For the sake of this write up, I’m going to focus on the folks in the second group (though I sincerely hope those of you in the first group don’t take that as an insult).
There’s no shortage of analogies to describe the modern marketer’s frustration with the volatility of social platforms and algorithms. It’s “a moving target.” It’s “the Wild West.” It’s “uncharted territory.” It’s “illegal to use Taylor Swift’s image in a branded meme.”
Content preferences vary from platform to platform, and best practices can change on a monthly, weekly, or daily basis. It’s a full time job just keeping up with current trends, much less getting far enough ahead of the curve to confidently cook up a compelling social strategy.
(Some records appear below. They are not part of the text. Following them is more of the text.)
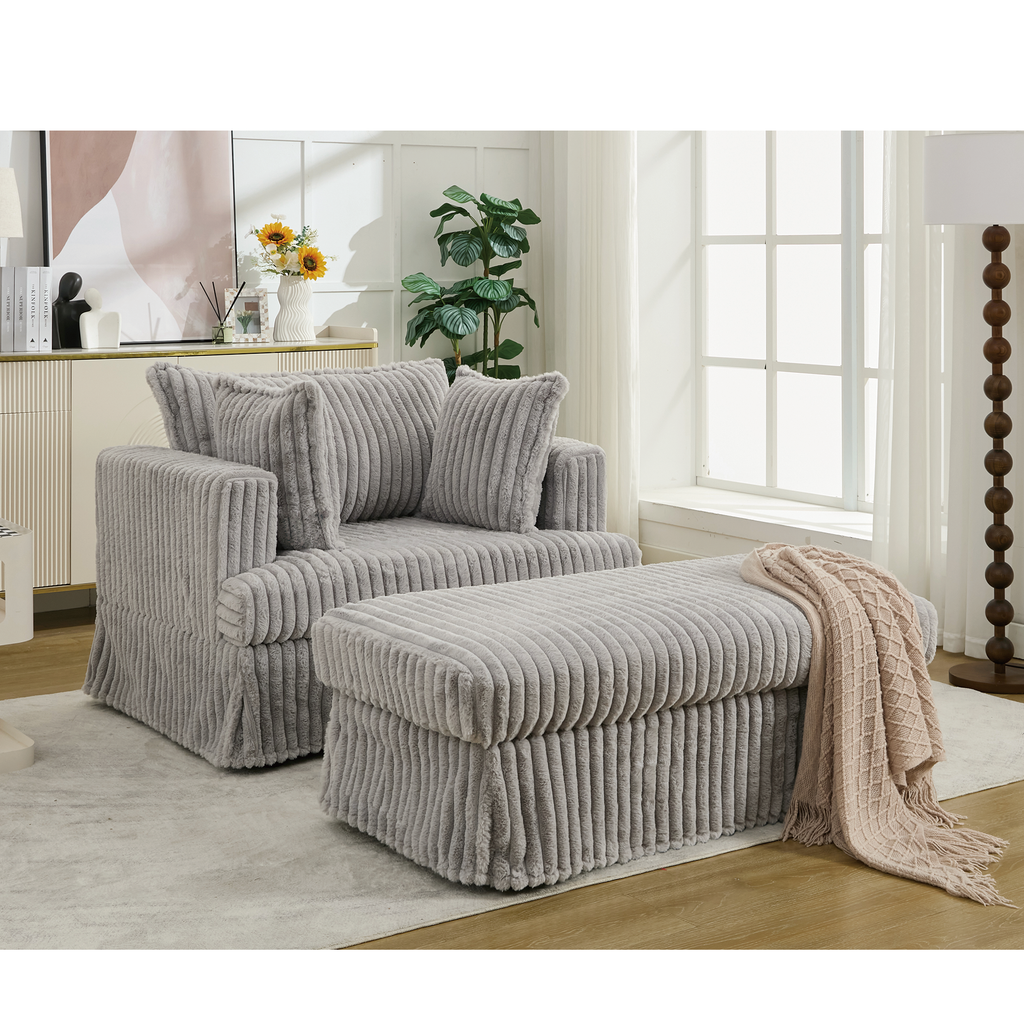 47.7" Oversized Corduroy Chaise Longue with Ottoman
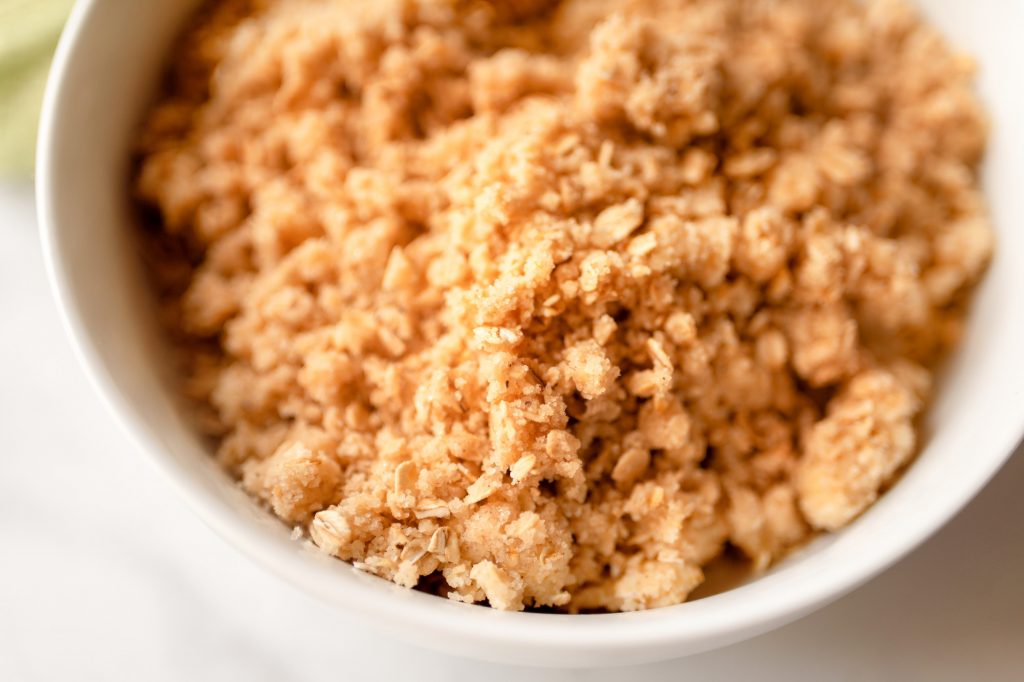 vegan crumble topping close up photo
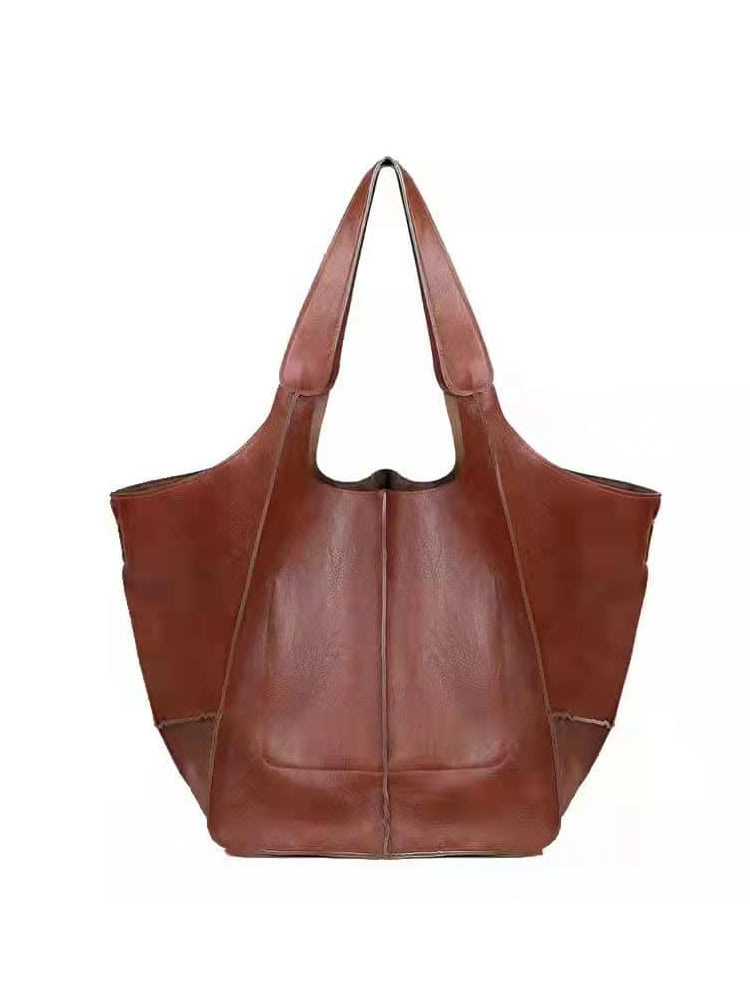 Soft PU large capacity tote bag simple large bag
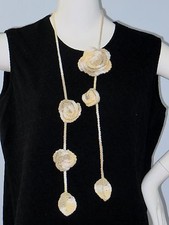 New Handmade Crochet Yellow Rose Flower Scarf Necklace Lariat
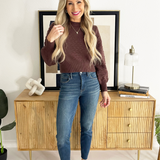 Textured Balloon Cropped Knit Sweater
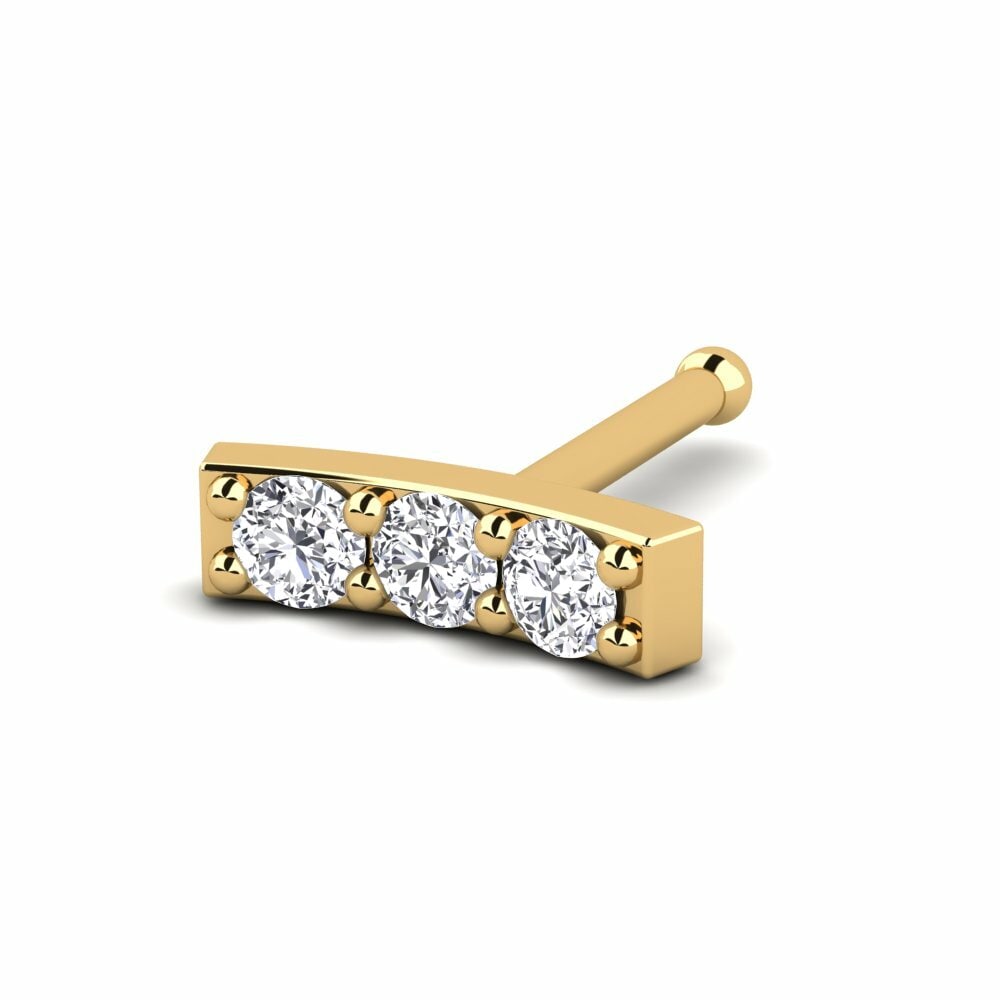 18k Yellow Gold Nose Pin Rovens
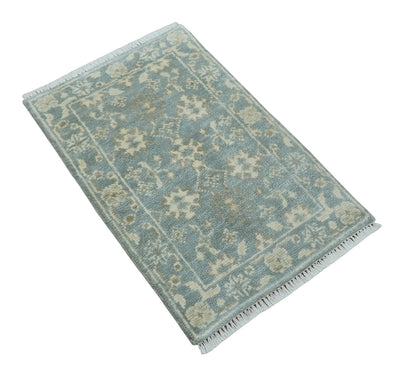2x3 Hand Knotted Silver, Ivory and Brown Traditional Oushak Wool Rug - The Rug Decor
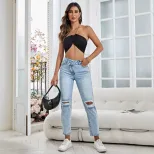 Womens Distressed Straight Leg Jeans Casual Style Versatile Fit Trendy Design Perfect for Everyd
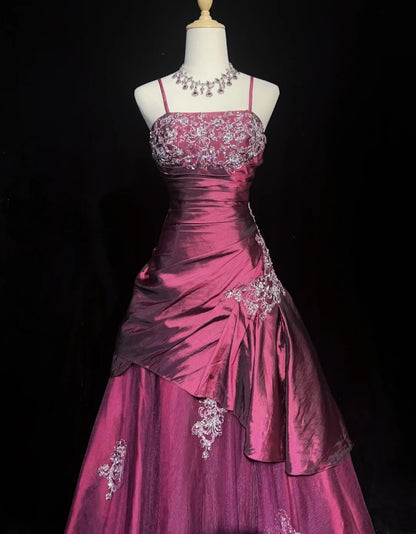 Vintage Prom Dresses Ball Gown Spaghetti Strap Fuchsia Sleeveless Taffeta 90s Long Formal Gown N2878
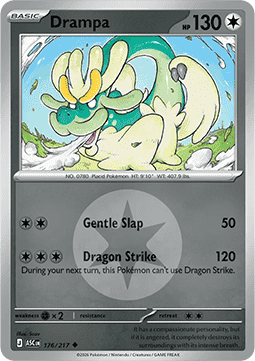 (176/217) Pokemon TCG Ascended Heroes: Additionals Single: Drampa   Uncommon (Energy Symbol Reverse Holo)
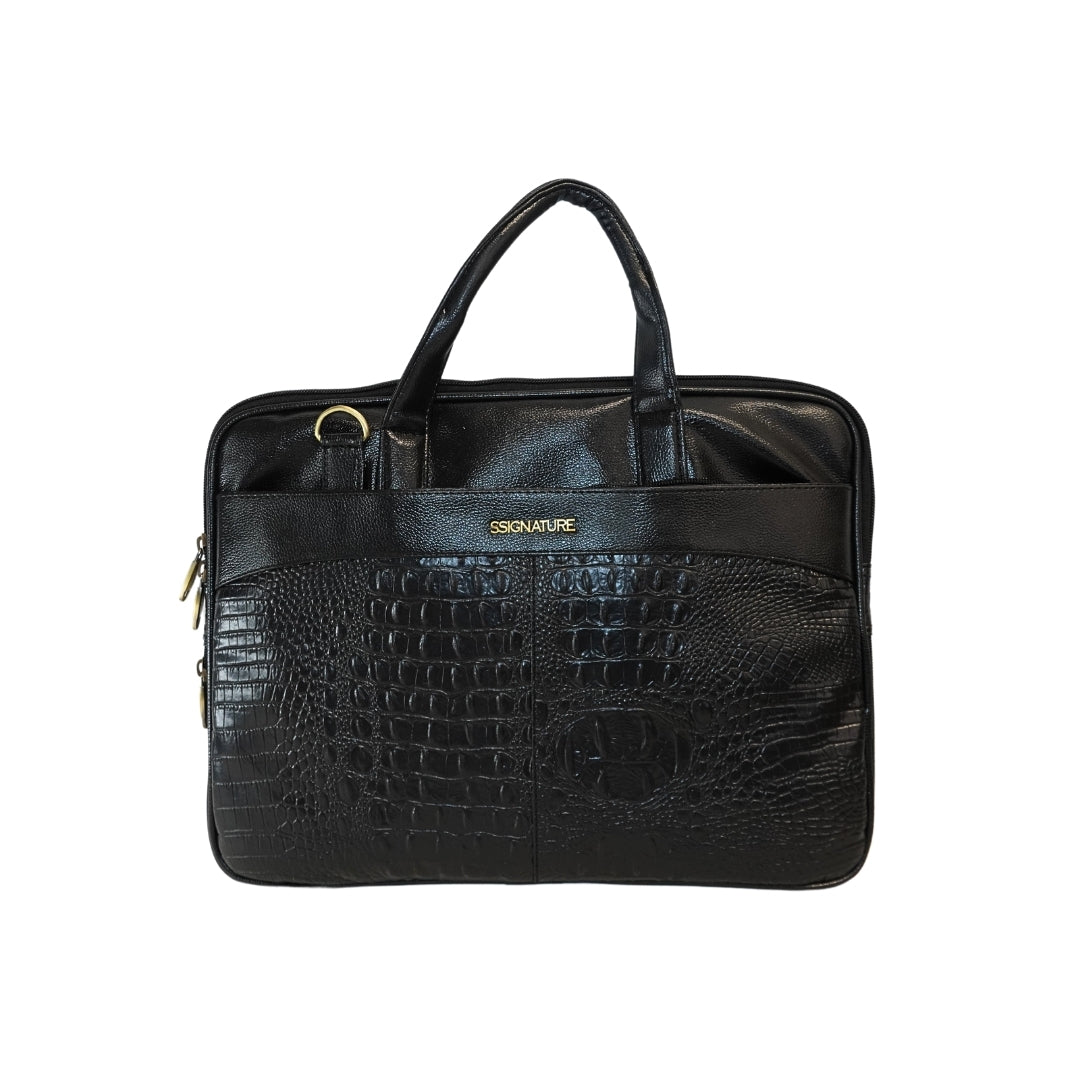 DailyNeedDeals | Black Croc-Embossed Professional Laptop Briefcase - Signature Collection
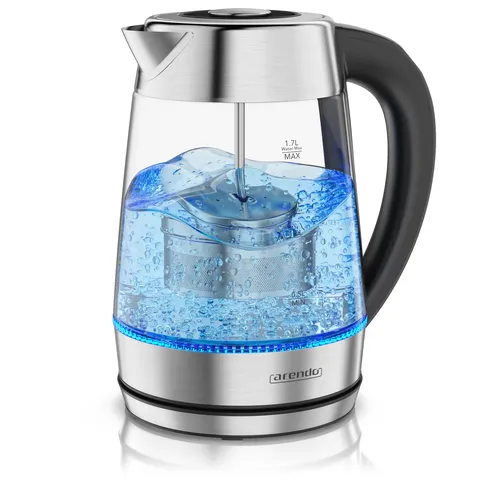 Arendo 2in1 Wasserkocher & Teekocher aus Glas & Edelstahl in weiß von Arendo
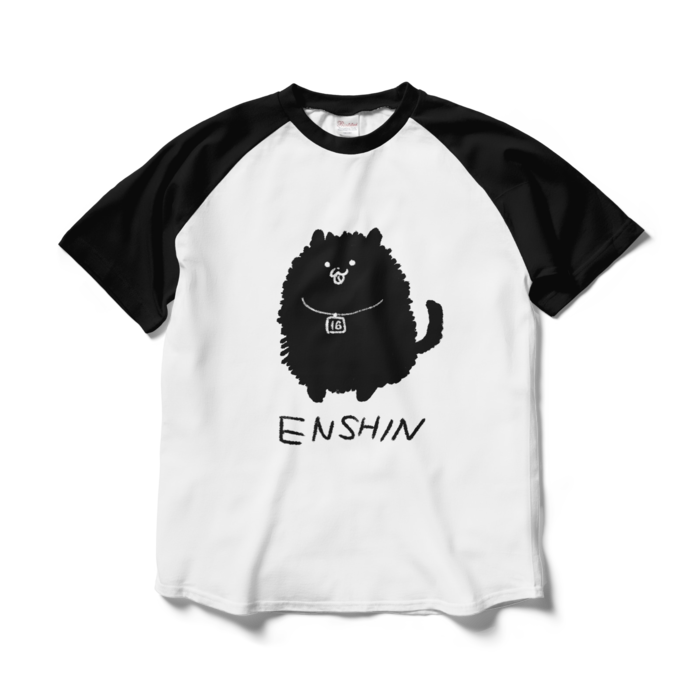 ラグランTシャツ - L - ホワイト×ブラック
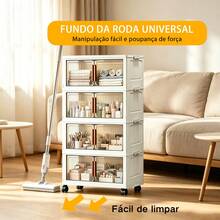 Armário Organizador Dobrável de 4 Camadas, Largura 48cm Branco Creme, Portas Semitransparentes à Prova de Poeira, Empilhável com Travas Laterais, Rodinhas 360° com Trava, Ideal para Apartamento Pequeno, Quarto, Cozinha e Sala L - Bege - Visão 1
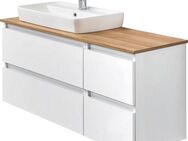 Saphir Waschtisch Quickset 360 Waschplatz mit Keramik-Aufsatzbecken, wandhängend, Waschtischplatte, 113 cm breit, Weiß Glanz, 4 Schubladen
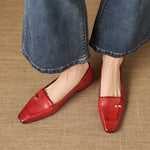 Selor Genuine Leather Square-Toe Pumps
BUT, you didn’t come here just to read all the perfectly reasonable, totally understandable reasons why your social media strategy is lacking. You came here for some good old-fashioned, actionable industry insight. Well, here it is:
Too often, when emerging brands start drawing up a social strategy, they let their conventional marketing instincts take the wheel and treat their social platforms like sales floors.
I get it, you’ve been slingin’ sell sheets at trade shows across the country for the last few years. You know your brand and you know your talking points. You could pitch your product in your sleep. But you can’t just copy + paste that strategy into social media and hope to see results.
On social media you aren’t competing for market share with the other brands in your category, you’re competing for attention with every other content creator on those platforms.
Your strategy needs to generate value for a social audience – an audience who, by the way, has a well-trained algorithm building them a bottomless feed of personalized content recommendations. That means, more often than not, content with a hard sell gets a hard pass.
Don’t worry – there are plenty of ad platforms where the hard sell is still appropriate, but on social, you shouldn’t be asking customers to buy your product, you should be offering users a reason to follow your brand. Whether it’s through incorporating humor, providing insights, generating aesthetically distinct visual content, or cleverly executing trends, the hunt for your brand’s reason is paramount.
The litmus test for your social content can be boiled down to a simple question: Is this content worth following? If you want to ratchet up the difficulty level, you can change that question to: is this content worth sharing?
It’s a softer, squishier approach that may not have an immediate, short-term impact on your bottom line, but by taking the time to build out a consistently interesting library of content, you’re creating a sense of place on-platform for users to discover and return to again and again.
If you’re gently rolling your eyes and thinking, “Sure, Bob. Easier said than done,” you’re absolutely right. It’s not easy to consistently generate compelling content that stands out on an infinitely scrollable feed. It’s not easy to show up every day and be funny, provocative, charming, and brilliant.
At any given time, the number of brands doing truly like, follow, and share-worthy content only represents a tiny fraction of the brand social universe. While I can guarantee that none of those top-performing brands happened upon their social success accidentally, I’m equally confident that simply trying to retrace their route to a winning strategy wouldn’t yield the same results.
Because here’s the kicker: algorithms don’t run on merit.
Sometimes, good strategies fail. Sometimes, great content falls flat. You can do everything right and wind up back at the drawing board in a couple of months asking yourself whether you were too unhinged or not unhinged enough.
The truth is that social media is a moving target. It is the Wild West. It is uncharted territory, and unfortunately, yes, it is illegal to use T-Swizzle’s image in branded memes.
When it comes to cracking your brand’s social strategy, it requires commitment to a process of research, ideation, and experimentation. If you want users to care about your content, it takes time, guts, and luck. There are no secret shortcuts, silver bullets, or magic beans.
And there is only one guarantee:
If you do not build it, they will not come.